Simply Do the Right Thing
Cowardice asks the question, “Is it safe?” Expediency asks the question, “Is it politic?” And Vanity comes along and asks the question, “Is it popular?” But Conscience asks the question “Is it right?” And there comes a time when one must take a position that is neither safe, nor politic, nor popular, but he must do it because Conscience tells him it is right.
– Martin Luther King, Jr.
“Just, do the right thing.” Lately, I hear myself saying this more and more often: really, how hard can it be?
In truth, it can be very hard and that’s the problem. Sometimes the right thing seems so hard that we opt, instead, for the path of least resistance. The trouble is when we take the easy route it often leads right back to where we started. That’s the way life works. When we haven’t learned the lesson, it’s re-presented until we get it. If we want to grow from life’s lessons, we have to do the hard work.
Sometimes we make a decision that best allows us to avoid our feelings, save our energy or get some sleep. Then, in our busyness, we move to the next item on our list without ever looking back to see where the dust fell. No afterthoughts on how the decision panned out, who it affected, or how it may have changed a course of events.
Think about how you make your decisions.
Do you sit and ponder day after day, rehashing the facts before finally throwing a dart to make a choice?
Do you quickly decide whether you should or should not just to check an item off your “to do” list?
Do you make your decisions based on how you think the outcome will make you look in the eyes of others?
Or, do you ask yourself, what is the right thing to do in this situation?
When asked questions like –
Why are you planning this event?
Why are you not volunteering your time?
Why are you letting your child…?
Why are you not reaching out to…?
Or, in my case, I’m often asked –
Why do you travel with your husband to his contract sites?
There should only be one good answer to “why?” It is the right thing to do.
But, how do you know when your decision is right?
I rely on intuition.
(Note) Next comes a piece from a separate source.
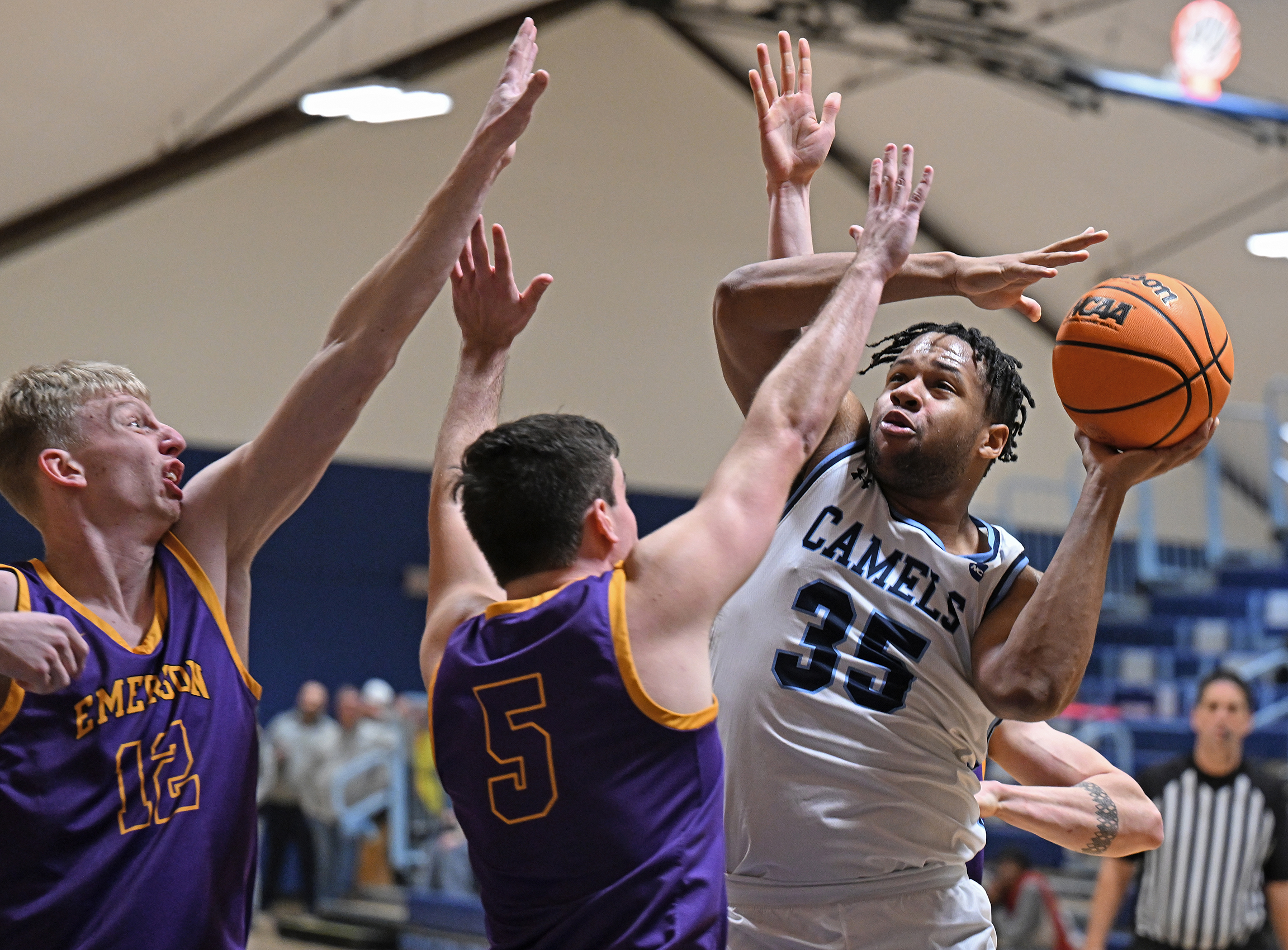 A basketball player goes up fro a shot against two defenders.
I feel it in my heart. The thought of following through on my decision fills me with calmness. People say, “I had a gut feeling about…” That’s it.
I’m not saying I’m always right. I’m not saying I always do the right thing. What I am saying is I do better when my decisions are based on what is right in my heart. It may take longer to decide. I might have to sleep on it. I might have to say a little prayer. But, if I’m honest about my intentions, I will act in good conscience and make the best decision for me.
Do the right thing even when it’s hard.
It is not always easy to go with your ‘right’ decision. You’ll have to expect more of yourself. Sometimes it means you’ll lose sleep. Sometimes it means you have to expend a lot more energy or that you disappoint someone. But, most importantly, you will not disappoint yourself.
I’m sharing this because it works for me.
I imagine a better world if everyone just did the right thing.
It’s that simple, and that hard.
Today, I want to challenge you.
Make all your decisions today based on doing the ‘right’ thing.
When faced with a decision, stop and ask, “What is the right thing to do?
Practise sitting in the discomfort of not having an answer or of knowing that follow through will be hard.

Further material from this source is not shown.